Dataset content
....

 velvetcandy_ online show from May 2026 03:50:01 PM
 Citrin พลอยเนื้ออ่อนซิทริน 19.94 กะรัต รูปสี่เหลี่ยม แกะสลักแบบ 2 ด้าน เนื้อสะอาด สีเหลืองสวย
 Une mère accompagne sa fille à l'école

....

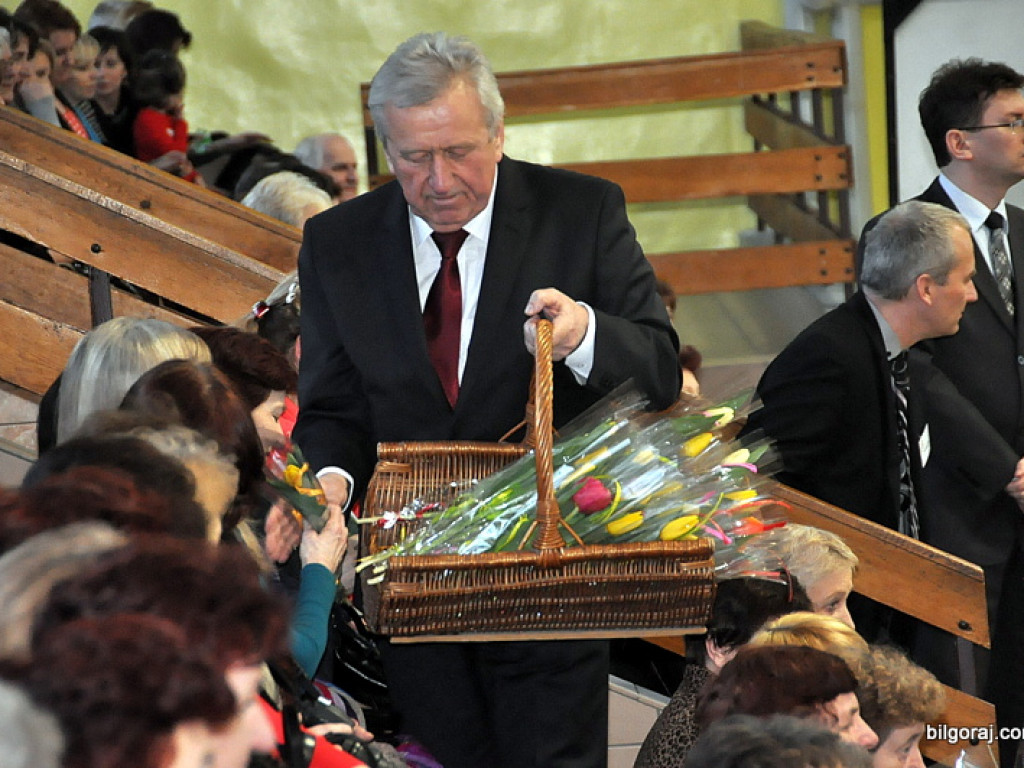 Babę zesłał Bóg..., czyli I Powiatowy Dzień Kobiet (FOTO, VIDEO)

....

Goal of the exercise
Everything from the line containing "velvetcandy_ online show" through the line containing "Une mère accompagne sa fille à l'école" in the material above should be retyped exactly, both ends included, and nothing more.

Reply to the exercise
 velvetcandy_ online show from May 2026 03:50:01 PM
 Citrin พลอยเนื้ออ่อนซิทริน 19.94 กะรัต รูปสี่เหลี่ยม แกะสลักแบบ 2 ด้าน เนื้อสะอาด สีเหลืองสวย
 Une mère accompagne sa fille à l'école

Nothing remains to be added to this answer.